Prison spokesman Larry Traylor says Muhammad had no final words. He says he didn't hear him utter a word during the execution.
Muhammad's attorneys had asked Gov. Tim Kaine to commute his sentence to life in prison because they said he was severely mentally ill, but Kaine denied him clemency.
"I find no compelling reason to set aside the sentence that was recommended by the jury and then imposed and affirmed by the courts," Kaine, who is known for carefully considering death penalty cases, said in a statement. "Accordingly, I decline to intervene."

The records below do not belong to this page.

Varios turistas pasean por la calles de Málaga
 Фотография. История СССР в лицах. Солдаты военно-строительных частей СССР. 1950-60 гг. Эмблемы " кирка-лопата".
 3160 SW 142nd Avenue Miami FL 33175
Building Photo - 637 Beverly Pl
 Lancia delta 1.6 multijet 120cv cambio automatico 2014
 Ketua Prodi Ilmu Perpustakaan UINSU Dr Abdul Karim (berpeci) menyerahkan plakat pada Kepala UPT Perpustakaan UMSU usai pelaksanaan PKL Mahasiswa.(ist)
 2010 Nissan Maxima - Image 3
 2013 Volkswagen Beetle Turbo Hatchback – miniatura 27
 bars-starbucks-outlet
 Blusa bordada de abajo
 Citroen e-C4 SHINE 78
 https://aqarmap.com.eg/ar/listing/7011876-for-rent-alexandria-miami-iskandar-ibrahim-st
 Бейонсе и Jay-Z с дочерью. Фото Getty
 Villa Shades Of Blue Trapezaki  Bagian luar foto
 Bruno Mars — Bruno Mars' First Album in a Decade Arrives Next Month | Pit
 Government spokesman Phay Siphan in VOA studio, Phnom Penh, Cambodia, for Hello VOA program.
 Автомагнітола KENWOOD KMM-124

The Virginia Department of Corrections said that Muhammad's attorneys are planning to meet with him this afternoon, and that he does not have a spiritual advisor.
Muhammad's attorneys released a statement stating they respected the decisions of the Supreme Court and the Governor to not stay the execution, but added, "In its effort to race John Allen Muhammad to his death before his appeals could be pursued, the state of Virginia will execute a severely mentally ill man who also suffered from Gulf War Syndrome the day before Veterans Day."
Muhammad, 48, was executed for killing Dean Harold Meyers at a gas station in northern Virginia. He and his accomplice, Lee Boyd Malvo, also were suspected of fatal shootings in Louisiana, Alabama and Arizona.
Prosecutors chose to put Muhammad and Malvo on trial in Virginia first because of the state's willingness to execute killers. He and Malvo were also convicted of six other murders in Maryland and both were sentenced to six life terms.
The death penalty was later ruled out for Malvo because the U.S. Supreme Court barred the execution of juveniles, who was 17 during the killing spree.
Lawyers See John Allen Muhammad's Humanity
The Sniper's Victims
Profiles of the Snipers
Map: The 2002 Killing Spree
Photos: The Maryland Trial
Photos: The Virginia Trial
The motive for the shootings in the nation's capital region remains murky. Malvo said Muhammad wanted to use the plot to extort $10 million from the government to set up a camp in Canada where homeless children would be trained as terrorists. But Muhammad's ex-wife has said she believes the attacks were a smoke screen for his plan to kill her and regain custody of their three children.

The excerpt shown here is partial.